"Perfection is achieved, not when there is nothing more to add, but when there is nothing left to take away." - Antoine de Saint-Exupery

I bought a kit recently which came with a project book, a breadboard and a bunch of discretes to go with the base microcontroller. The contents of that project book represent a lot of the value of the kit: a series of experiments which start with an LED lighting up and build up to more ambitious things. We too should be thinking in terms of a series of steps, where a functioning but primitive 6502 computer is the first step.

Computers need I/O, and they need to boot. Programs have bugs, so you need to debug them. So a newbie computer should be very visible, as well as being simple and needing the fewest external pieces of equipment. It should also be extensible which means exposing the data bus and either the address bus or some decoded addresses.
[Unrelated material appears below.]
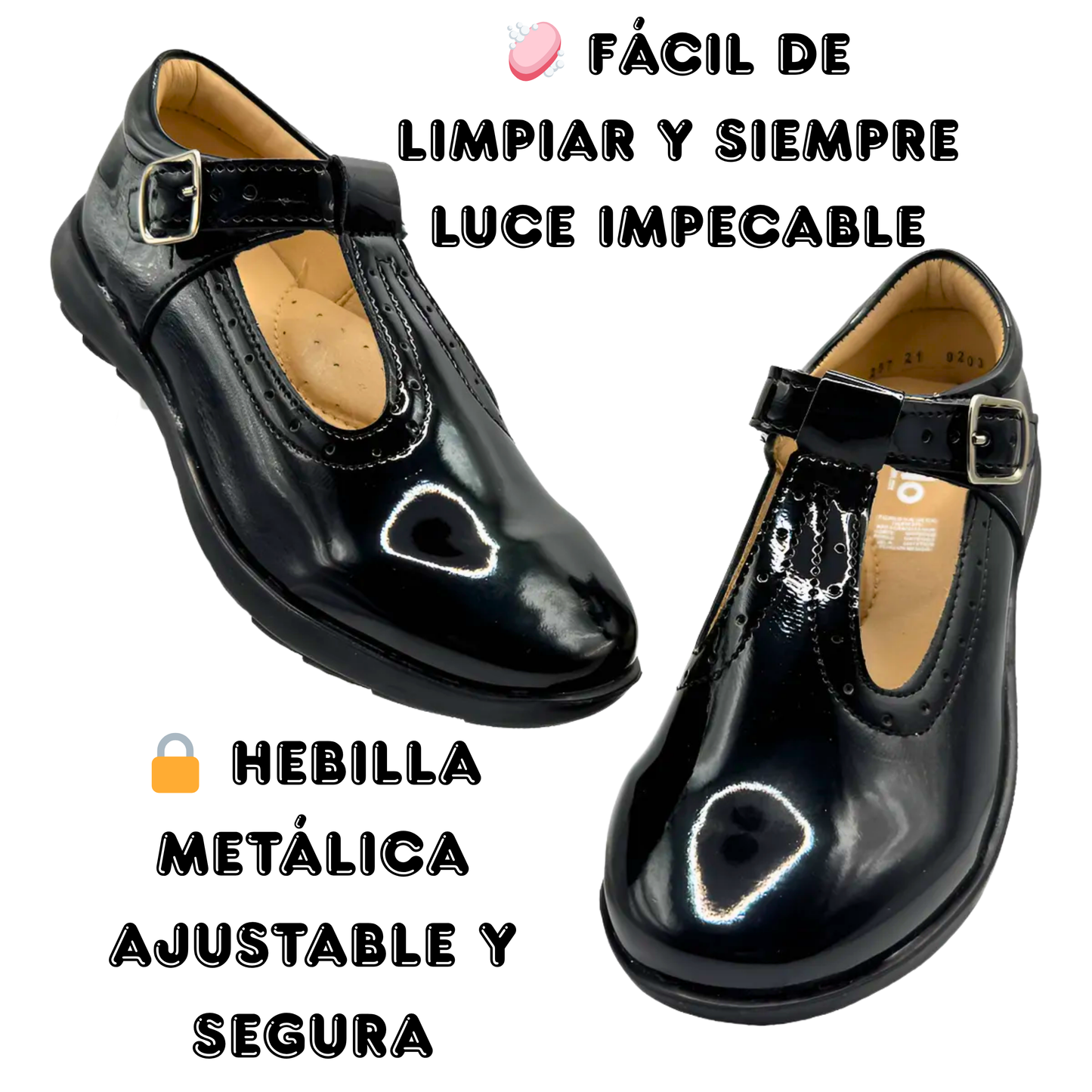 Zapato Escolar Niña Rilo Charol Con Hebilla Elegante Cómodo Mod. 9203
Looking at the KIM-1, the Fignition, the COSMAC ELF, we don't see a great concern about ergonomics: it's about making something and getting it to do something. The newbie project is not a replacement for a PC.

There are certainly two schools of thought about a serial or USB connection: hooking up to a "proper" computer gives you easy access to copy and paste and a file system, as well as an ergonomic keyboard and screen. But it makes the 6502 less of a computer and more of a peripheral. So a serial connection should be an expansion project. (Using USB purely as a 5V power source is fair game: can run the computer from a phone charger.)

Likewise, once the machine is built and has been bootstrapped, hooking up an alphanumeric LCD display would be a first project, and then perhaps hooking up an improved keyboard. But I'm thinking both of those should not be part of the base design.

So, I'm thinking of a ROMless machine with a front panel type of interface, with everything exposed so it can be built up into something more, but keep all those extras as expansion projects. Eventually it can gain EEPROM, serial connection, mass storage: but it doesn't need those things to start with.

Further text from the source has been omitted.